What are some of the writing rules that 12 classic or beloved middle grade books teach us?

Here are six of the books and their lessons:

Every time an editor asks you to revise, see this as an opportunity to make a perfect book with carefully crafted writing like in Charlotte's Web.

Some of the best novels can be brief, like Stone Fox. It's a satisfying narrative with true drama. Books for middle grade readers can have real drama in them and be story-packed. 

The Last of the Really Great Whangdoodles, celebrity can get a book published, but it can't keep it in print for forty years. This book stays, Stephen says, the lesson here is to let imagination ride high in your story. 

Louis Sachar, you may already know, takes about a year to write a book, but Holes took him two years. What he does so well here, Stephen says, is maintain the hilarious voice of hapless Stanley. Humor if done well can fuel an entire novel. As a side note, Stephen says, consider taking two years to refine your novel and you may just win the National Book Award and the Newbery. And an Emmy.

In Missing May, the setting is as much a character as the human main characters. Do yourself a favor and invoke a rich setting to help bring your story to life and set it concretely in the reader's mind.

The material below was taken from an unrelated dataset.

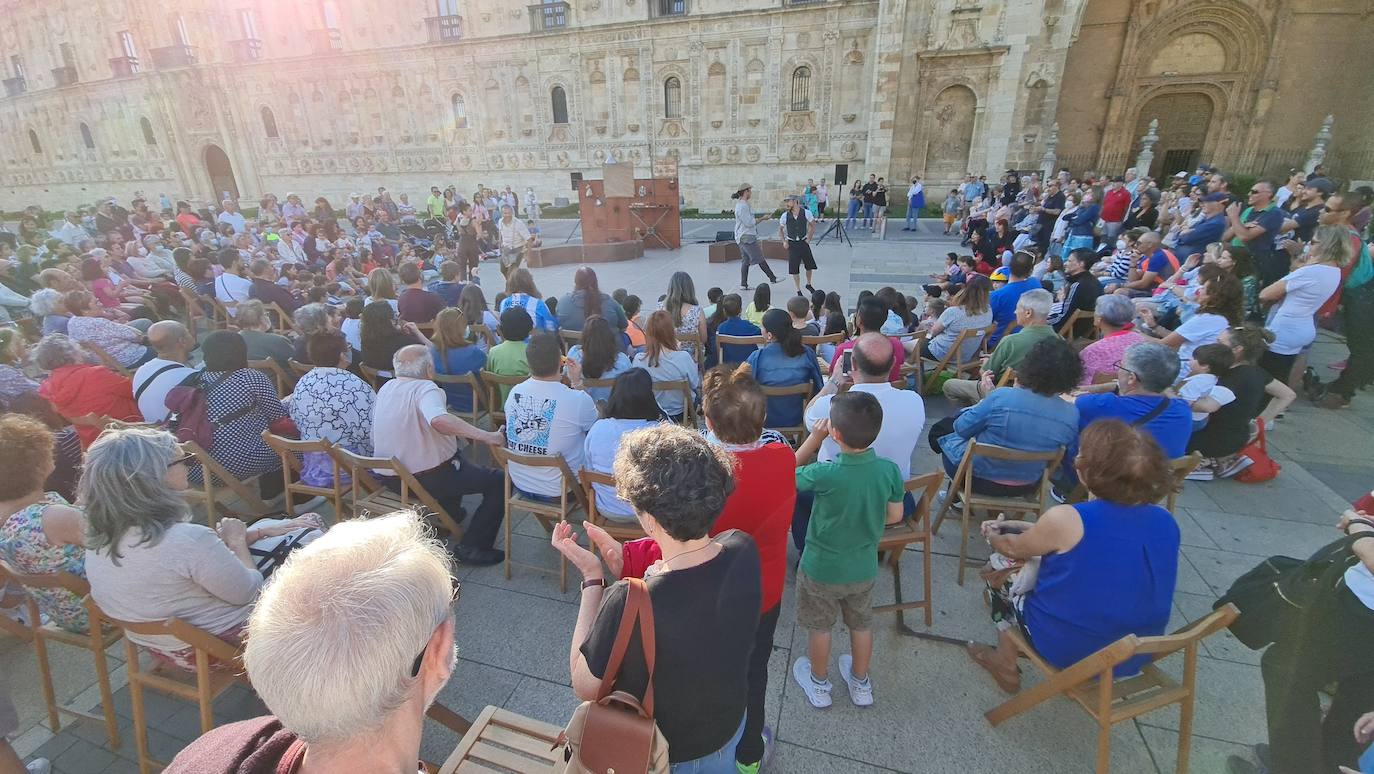 La compañía granadina Vaivén Circo, con 'Do not disturb', abre en la Plaza de San Marcos el 'Circo Festival Cuna del Parlamentarismo en el Camino' | Las artes circenses se convierten en protagonistas en la ciudad durante las próximas semanas.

Sarah, Plain and Tall, is Stephen's favorite book in the universe. This short novel, clocking in at a mere 58 pages, rewrote the tradition of middle grade fiction. Every word resonates so that you almost feel like the book is illustrated, but there are no pictures! It's the writing that is that good. Originally this book was planned as a picture book, but the author felt there was more story to tell. Every book, says Stephen, should have this level of imagery.

Stephen leaves us with a Henry James quote: "Remember that your first duty is to be as complete as possible. Remember that your first duty is to be as complete as possible—to make as perfect a work. Be generous and delicate and pursue the prize."